Copy exactly the lines of the material below that fall between the line with "Hyundai ix35 I" and the line with "Under Observation: My", both of those lines included; pictures stay out.

RECORDED DATA:

>>>>>

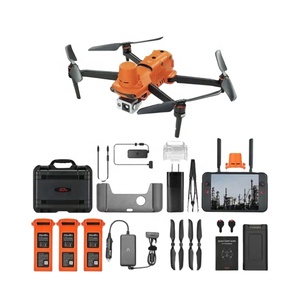 Autel EVO II Dual 640t RTK V3 8K Camera 48MP Foldable Drones 21KM Remote Control GPS Centimeter-Level Positioning Aircraft - Product Image 1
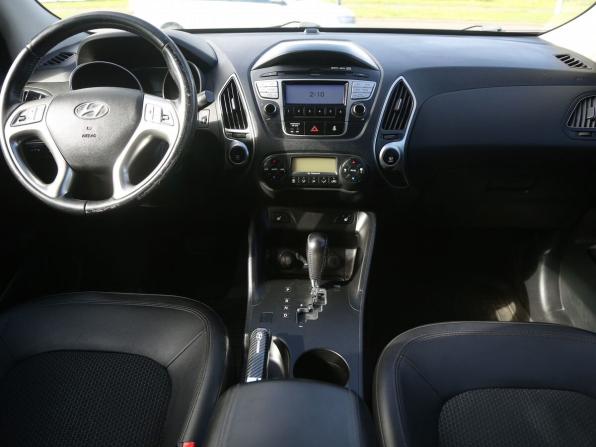Hyundai ix35 I с пробегом 2010 года, цена 1 051 000 рублей, 161000 км, внедорожник, Автокод Объявления
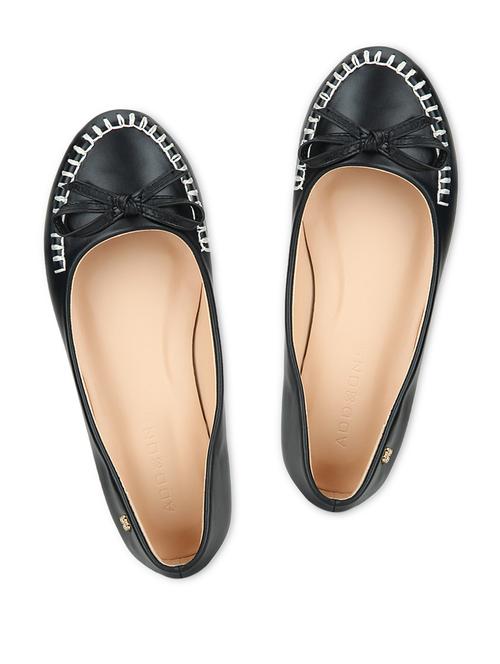 embelished leatherette ballerina - 1025534 - Very Small Image - 1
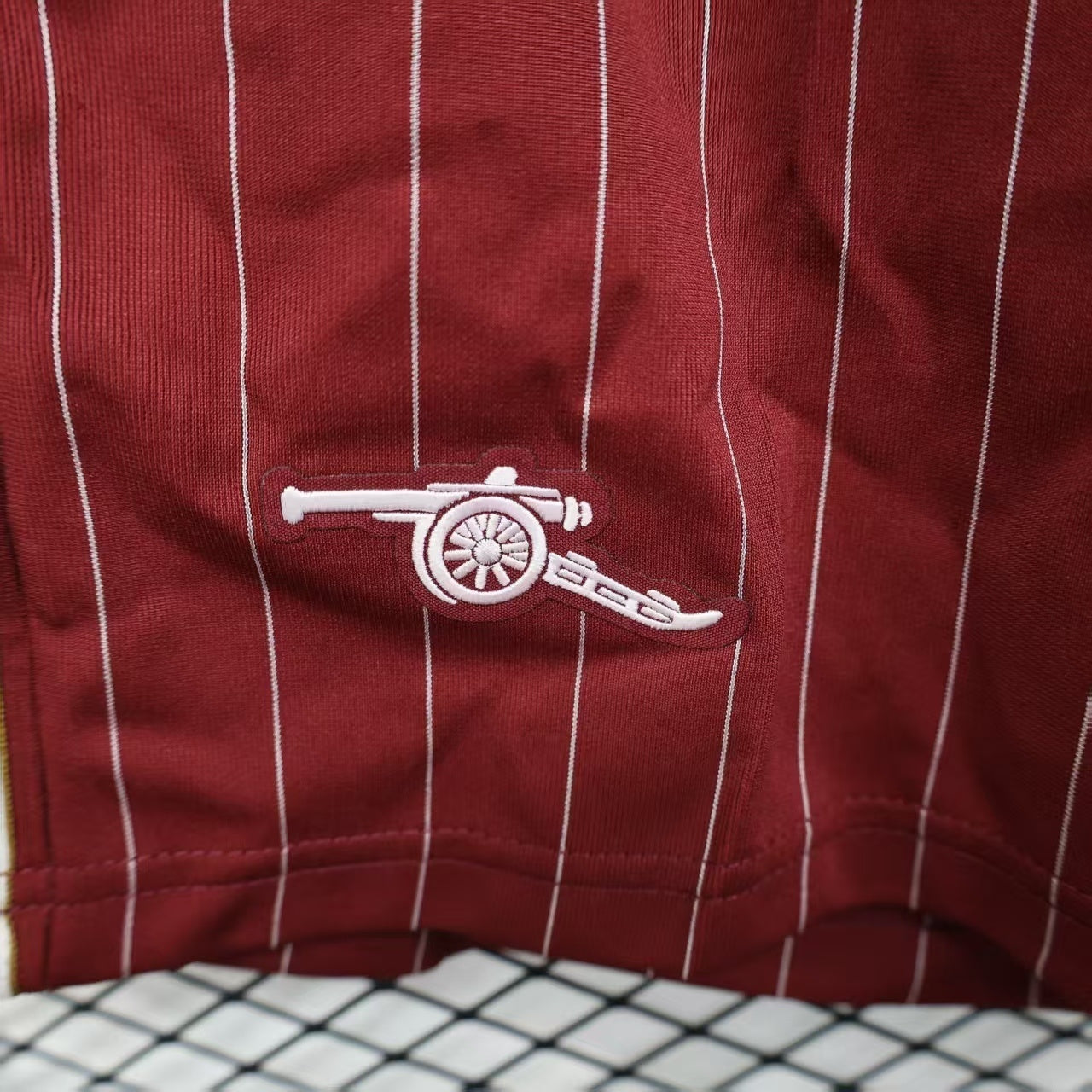 Shorts décontractés Arsenal 2025/2026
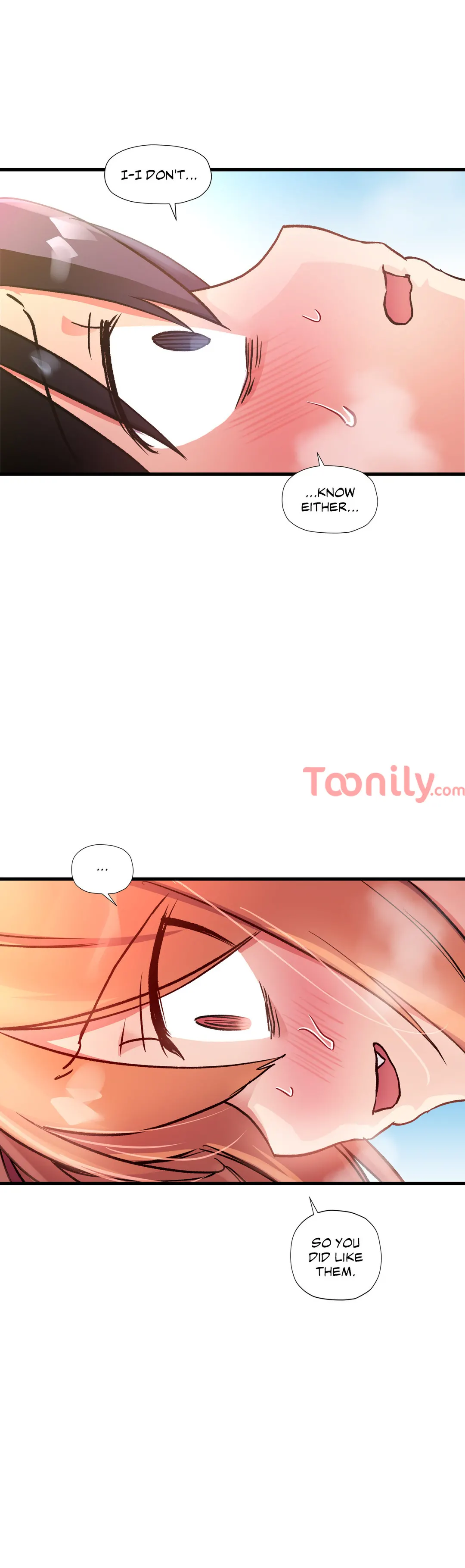 Under Observation: My First Loves and I Chapter 44 Page 28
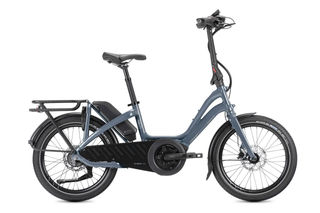Tern | NBD | S5i | Blue Grey | 500Wh | Bosch Performance Line | Intuvia | Shimano Nexus 5-Speed | Gates Belt Drive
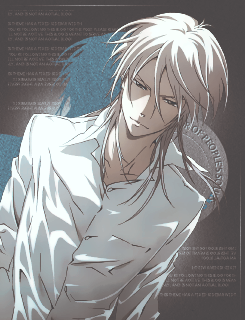 watashi-akuma:   Makishima Shogo to Keyth ♡♡♡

<<<<<

RESPONSE BELOW:
Hyundai ix35 I с пробегом 2010 года, цена 1 051 000 рублей, 161000 км, внедорожник, Автокод Объявления
 embelished leatherette ballerina - 1025534 - Very Small Image - 1
 Shorts décontractés Arsenal 2025/2026
 Under Observation: My First Loves and I Chapter 44 Page 28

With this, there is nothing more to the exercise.